Le quotidien est riche
Le quotidien est riche pourvu qu'on ouvre les yeux, les oreilles et parfois la bouche.
Aérogare de l'aéroport de Nice, dimanche matin, une heure d'attente.
Deux caddies débordant de bagages, deux grands-parents débordés, eux et deux petits-enfants, garçon et fille, dix et douze ans, espiègles.
- Tu l'as mis où le sac avec les casse-croûte ? questionne la grand-mère.
Moue dubitative du petit garçon.
- Tu l'as mis où le sac où y'avait le casse-croute ? (on est passé au singulier)
Le regard perdu de l'enfant croise le mien.
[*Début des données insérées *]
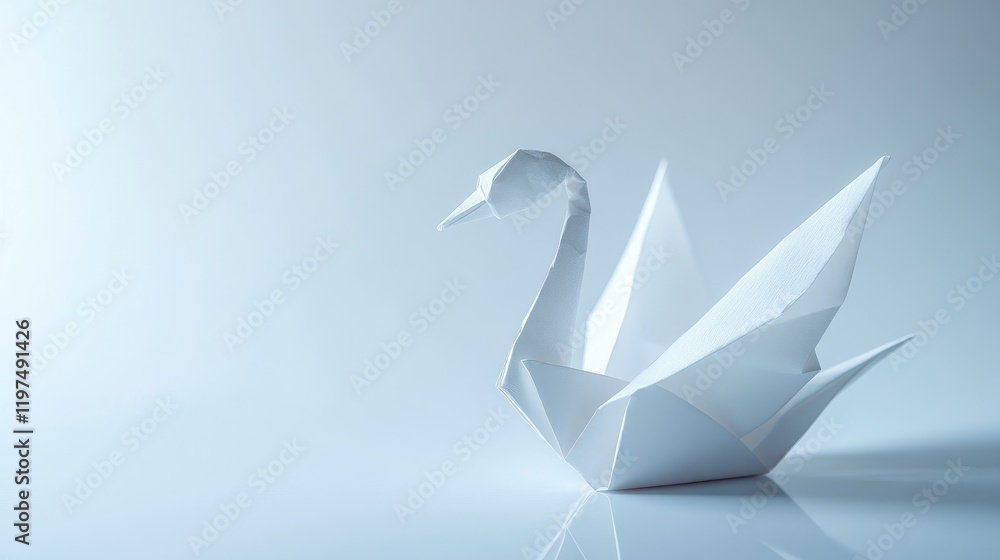 White origami swan on a reflective surface with soft lighting ideal for artistic and decorative uses Copy Space available for text placement White origami swan on a reflective surface with soft lighting ideal for artistic and decorative uses Copy Space available for text placement
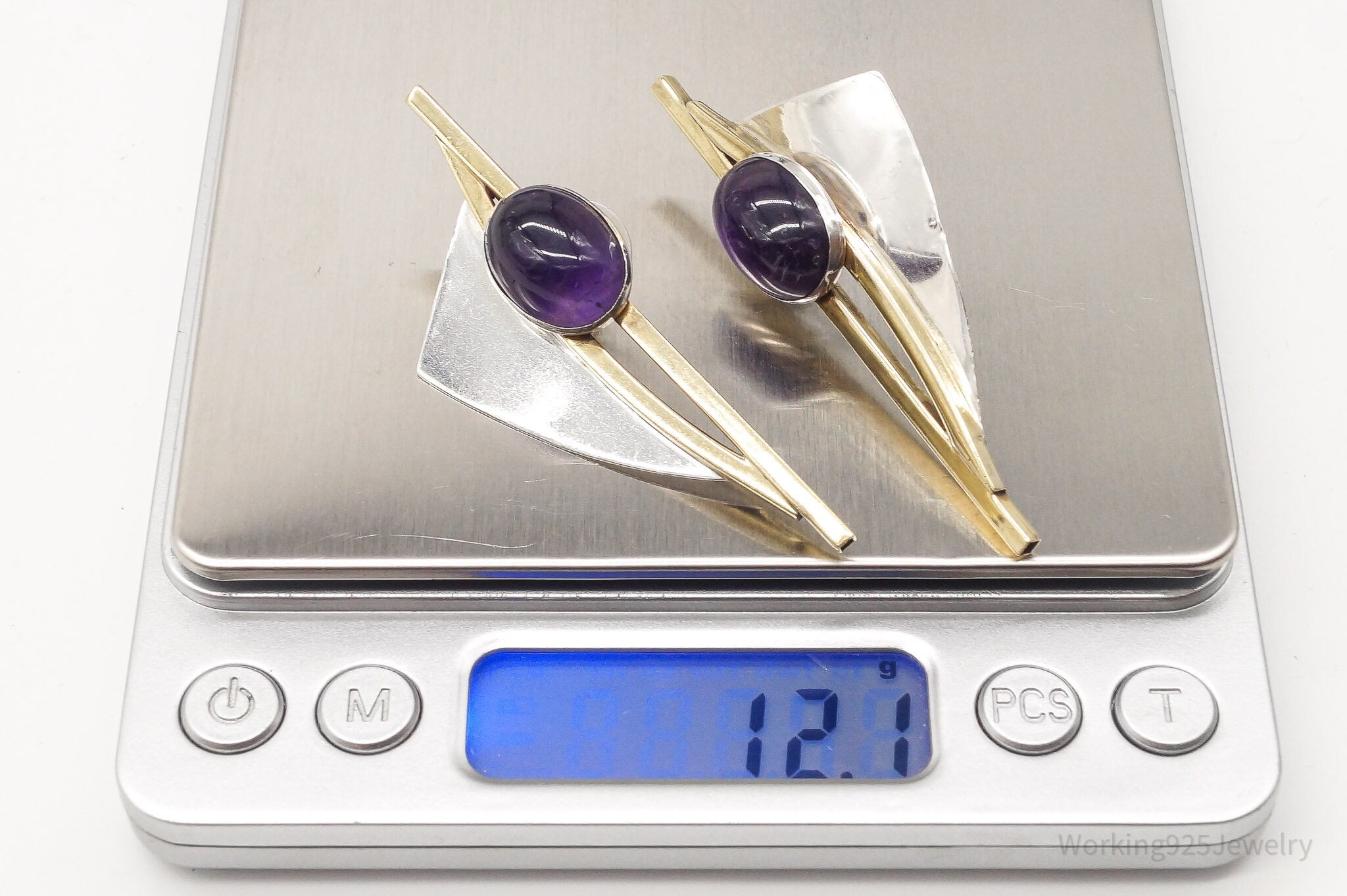 Large Vintage Modernist AJV Amethyst Brass Sterling Silver Earrings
- Casse-croûte, ça veut dire sandwich, lui dis-je.
- Ah !.... Bah... je sais pas.
- Mais, c'est toi qui en avait la responsabilité... ajoute mamie.
...
Un groupe de retraités en voyage. Du brouhaha, des conversations inaudibles puis, tout près de moi, j'entends :
"C'est Jeannot Pinsec"
Quart de tour à droite. Il est là, soixante-quinze ans minimum, des yeux d'océan, un regard éclairé, un visage lumineux, une corpulence de bûcheron et un style raffiné très british, des gestes précieux, un gentleman.
C'est lui qui a dit cela.
- C'est qui Jeannot Pinsec ? demandé-je.
Et voilà notre fringant voyageur qui démarre. Dix minutes d'explication de texte du poème de Victor Hugo "Jeanne au pain sec".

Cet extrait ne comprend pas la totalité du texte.